Static pod problem: mirror pod not created if imagePullSecrets set

vas · May 19, 2021, 2:19am

Dear Colleagues,

I’ve created a static pod as described in Create static Pods | Kubernetes and I see the mirror pod all right in kubectl get pods. However, if I add a list of imagePullSecrets to the static pod spec, a mirror pod is not created though the pod itself is seems running (I see it in docker container ls output on its node). As soon as I remove “imagePullSecrets” from the static pod manifest, I am able to see the mirror pod again.

What am I doing wrong and where do I look for debug info?

K8s v1.21.1 on Debian Buster amd64, non-cloud setup with kubeadm.

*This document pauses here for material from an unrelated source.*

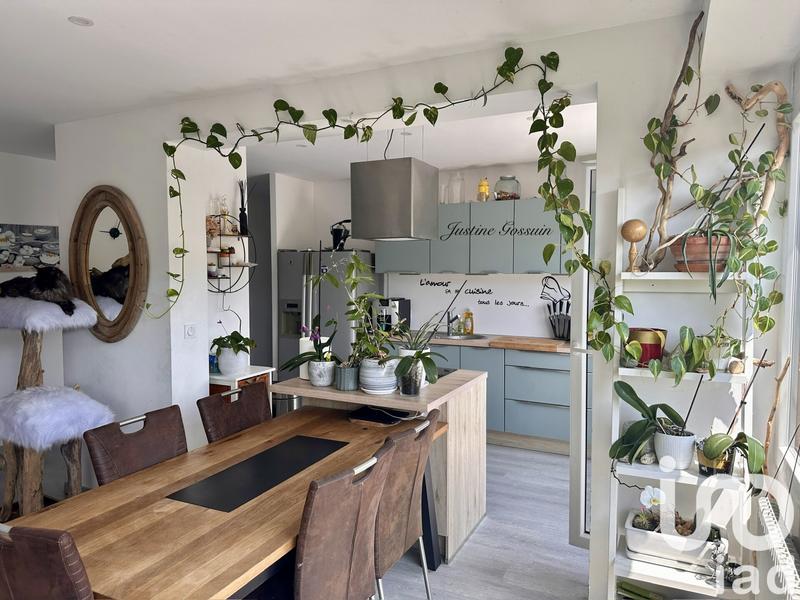 Appartement - 90 m² - 4 pièces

vas · May 19, 2021, 7:30am

I could probably use a regular pod with a nodeSelector instead of a static pod. However, I cannot make a regular pod restart after its node has been down for a while. I think the controller forgets about it (the pod enters the Terminating state) and never comes back alive when its node comes back alive. I have to reapply the pod definition to make it run again.

mrbobbytables · May 19, 2021, 11:21am

Static pods bypass admission control and don’t have access to secrets, they are controlled by kubelet directly and not a higher level controller. Their direct use highly discouraged unless you have to control something completely out of band from kubernetes directly.

mrbobbytables · May 19, 2021, 11:30am

Have you looked at DaemonSets ? Their design purpose is to run on a per node basis and might fit your use-case better.

thepip3r · May 19, 2021, 11:20pm

Or Deployment or StatefulSet – but don’t use a static Pod…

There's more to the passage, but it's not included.